- _WHAT TO PRODUCE_
Retype the whole of the data exactly.

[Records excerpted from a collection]
========

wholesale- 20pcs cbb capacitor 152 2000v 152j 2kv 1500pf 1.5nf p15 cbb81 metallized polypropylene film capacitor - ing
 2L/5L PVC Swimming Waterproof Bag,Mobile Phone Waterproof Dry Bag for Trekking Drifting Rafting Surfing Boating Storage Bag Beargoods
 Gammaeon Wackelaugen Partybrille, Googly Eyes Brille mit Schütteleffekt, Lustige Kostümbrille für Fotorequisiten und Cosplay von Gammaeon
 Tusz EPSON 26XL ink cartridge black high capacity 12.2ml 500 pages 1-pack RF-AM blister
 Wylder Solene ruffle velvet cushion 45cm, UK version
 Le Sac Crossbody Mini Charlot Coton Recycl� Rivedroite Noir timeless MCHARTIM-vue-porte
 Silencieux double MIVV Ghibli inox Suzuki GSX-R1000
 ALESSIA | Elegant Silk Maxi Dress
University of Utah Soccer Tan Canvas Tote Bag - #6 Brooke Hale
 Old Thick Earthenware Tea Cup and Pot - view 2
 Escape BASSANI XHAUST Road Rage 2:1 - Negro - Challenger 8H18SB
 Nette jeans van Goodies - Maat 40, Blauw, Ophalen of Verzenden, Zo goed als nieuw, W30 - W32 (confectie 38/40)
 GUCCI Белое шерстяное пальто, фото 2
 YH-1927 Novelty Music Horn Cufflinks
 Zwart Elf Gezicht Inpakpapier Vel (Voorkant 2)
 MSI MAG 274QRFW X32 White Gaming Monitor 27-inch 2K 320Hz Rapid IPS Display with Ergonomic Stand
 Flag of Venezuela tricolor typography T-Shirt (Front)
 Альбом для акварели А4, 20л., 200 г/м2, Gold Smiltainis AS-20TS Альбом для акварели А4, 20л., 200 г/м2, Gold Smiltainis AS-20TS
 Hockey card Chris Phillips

========

- _OUTPUT_
wholesale- 20pcs cbb capacitor 152 2000v 152j 2kv 1500pf 1.5nf p15 cbb81 metallized polypropylene film capacitor - ing
 2L/5L PVC Swimming Waterproof Bag,Mobile Phone Waterproof Dry Bag for Trekking Drifting Rafting Surfing Boating Storage Bag Beargoods
 Gammaeon Wackelaugen Partybrille, Googly Eyes Brille mit Schütteleffekt, Lustige Kostümbrille für Fotorequisiten und Cosplay von Gammaeon
 Tusz EPSON 26XL ink cartridge black high capacity 12.2ml 500 pages 1-pack RF-AM blister
 Wylder Solene ruffle velvet cushion 45cm, UK version
 Le Sac Crossbody Mini Charlot Coton Recycl� Rivedroite Noir timeless MCHARTIM-vue-porte
 Silencieux double MIVV Ghibli inox Suzuki GSX-R1000
 ALESSIA | Elegant Silk Maxi Dress
University of Utah Soccer Tan Canvas Tote Bag - #6 Brooke Hale
 Old Thick Earthenware Tea Cup and Pot - view 2
 Escape BASSANI XHAUST Road Rage 2:1 - Negro - Challenger 8H18SB
 Nette jeans van Goodies - Maat 40, Blauw, Ophalen of Verzenden, Zo goed als nieuw, W30 - W32 (confectie 38/40)
 GUCCI Белое шерстяное пальто, фото 2
 YH-1927 Novelty Music Horn Cufflinks
 Zwart Elf Gezicht Inpakpapier Vel (Voorkant 2)
 MSI MAG 274QRFW X32 White Gaming Monitor 27-inch 2K 320Hz Rapid IPS Display with Ergonomic Stand
 Flag of Venezuela tricolor typography T-Shirt (Front)
 Альбом для акварели А4, 20л., 200 г/м2, Gold Smiltainis AS-20TS Альбом для акварели А4, 20л., 200 г/м2, Gold Smiltainis AS-20TS
 Hockey card Chris Phillips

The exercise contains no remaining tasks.